INSTRUCTIONS TO FOLLOW: Lines containing the word "model" are the ones to copy from the records below.

BEGIN

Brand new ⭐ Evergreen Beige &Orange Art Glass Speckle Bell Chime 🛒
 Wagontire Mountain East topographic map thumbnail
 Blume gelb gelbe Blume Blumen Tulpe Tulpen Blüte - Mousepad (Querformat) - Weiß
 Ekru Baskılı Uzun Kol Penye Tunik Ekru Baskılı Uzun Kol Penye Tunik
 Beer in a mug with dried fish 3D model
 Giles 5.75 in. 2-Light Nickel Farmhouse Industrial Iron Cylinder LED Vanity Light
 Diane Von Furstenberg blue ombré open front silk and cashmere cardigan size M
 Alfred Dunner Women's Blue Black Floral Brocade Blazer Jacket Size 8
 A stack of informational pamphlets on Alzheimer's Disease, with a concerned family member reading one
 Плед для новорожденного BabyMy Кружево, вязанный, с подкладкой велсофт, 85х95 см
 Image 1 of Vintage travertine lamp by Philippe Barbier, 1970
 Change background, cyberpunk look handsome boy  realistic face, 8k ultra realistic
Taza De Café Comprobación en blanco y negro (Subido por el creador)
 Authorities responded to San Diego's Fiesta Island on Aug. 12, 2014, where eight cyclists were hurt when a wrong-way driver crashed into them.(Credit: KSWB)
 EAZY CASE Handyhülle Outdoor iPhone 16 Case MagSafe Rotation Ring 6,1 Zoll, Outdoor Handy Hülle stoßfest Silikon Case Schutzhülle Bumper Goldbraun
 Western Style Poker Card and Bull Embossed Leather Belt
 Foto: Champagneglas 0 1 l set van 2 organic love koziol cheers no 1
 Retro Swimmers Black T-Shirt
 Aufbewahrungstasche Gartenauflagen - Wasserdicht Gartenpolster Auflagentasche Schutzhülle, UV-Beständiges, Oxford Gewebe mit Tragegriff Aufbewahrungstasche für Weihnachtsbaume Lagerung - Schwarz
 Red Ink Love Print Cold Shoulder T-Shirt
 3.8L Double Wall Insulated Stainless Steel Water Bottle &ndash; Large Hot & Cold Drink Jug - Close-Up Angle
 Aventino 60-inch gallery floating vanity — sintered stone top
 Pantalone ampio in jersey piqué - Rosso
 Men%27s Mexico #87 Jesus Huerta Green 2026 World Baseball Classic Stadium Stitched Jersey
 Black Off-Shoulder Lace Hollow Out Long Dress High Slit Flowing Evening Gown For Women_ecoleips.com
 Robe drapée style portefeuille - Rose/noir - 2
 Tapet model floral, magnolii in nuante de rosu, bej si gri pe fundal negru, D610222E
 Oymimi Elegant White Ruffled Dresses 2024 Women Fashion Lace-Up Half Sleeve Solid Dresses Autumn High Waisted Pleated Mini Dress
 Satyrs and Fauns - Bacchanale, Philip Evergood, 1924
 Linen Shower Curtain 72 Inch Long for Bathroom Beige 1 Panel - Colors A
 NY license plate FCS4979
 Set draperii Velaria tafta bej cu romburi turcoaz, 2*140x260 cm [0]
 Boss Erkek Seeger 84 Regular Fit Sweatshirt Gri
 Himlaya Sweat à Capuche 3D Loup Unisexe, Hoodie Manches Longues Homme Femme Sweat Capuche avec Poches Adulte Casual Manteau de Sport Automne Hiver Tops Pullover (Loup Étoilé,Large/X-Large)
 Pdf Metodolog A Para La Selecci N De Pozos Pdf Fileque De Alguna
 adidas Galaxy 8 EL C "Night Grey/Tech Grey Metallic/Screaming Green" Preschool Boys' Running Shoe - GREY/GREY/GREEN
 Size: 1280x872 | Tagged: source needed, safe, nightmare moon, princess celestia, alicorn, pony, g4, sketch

END

REPLY TO THE TASK:
 Beer in a mug with dried fish 3D model
 Tapet model floral, magnolii in nuante de rosu, bej si gri pe fundal negru, D610222E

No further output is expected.